2. Apply a patch-set
3. Recompile the kernel and install the kernel
4. And some other stuff I forgot - involving messing around in
Now I havent tried it with Breezy, but I am pretty sure there is no .deb/script on UbuntuForums.
Why can't the disto's simply give the user Suspend2 fully integrated in their repective kernels?
Surely not stability issues, because it was bug-free for me. Even a simple choice would be miles better than what the current situation. The distro makers have dropped the ball, let's see them pick it up.
Oh wait - I just said that Ubuntu et al. is not perfect! Goodbye, karma.
"Sure there's porn and piracy on the Web but there's probably a downside too."
While LKLM flame wars are lead between source pourists and swsusp2 proponents, linux continues to lack decent hibernation support. suspend2 is pretty much hackish, but historically that didn't prevent many features ending up in kernel, even prematurely.

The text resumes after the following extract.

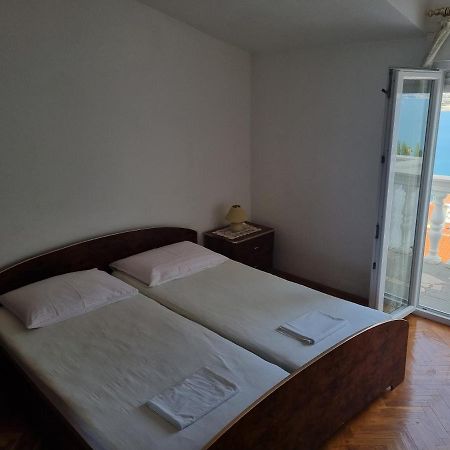 Villa Nena In Central Dalmatia 트로기르 외부 사진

They're welcome to believe whatever they want, but stop trying to push it onto everybody else. That's rude.
It's like telemarketing, except it's in your face. "Hi, is your religion letting you down? Come try mine, the Church of Jesus Christ of Latter Day Saints! What, you're an atheist? You need God in your life. Why, it says right here in the book that [ ... voice fades in the distance ...]"
Please tell them we don't need any more Mormon missionaries here in Victoria, Australia.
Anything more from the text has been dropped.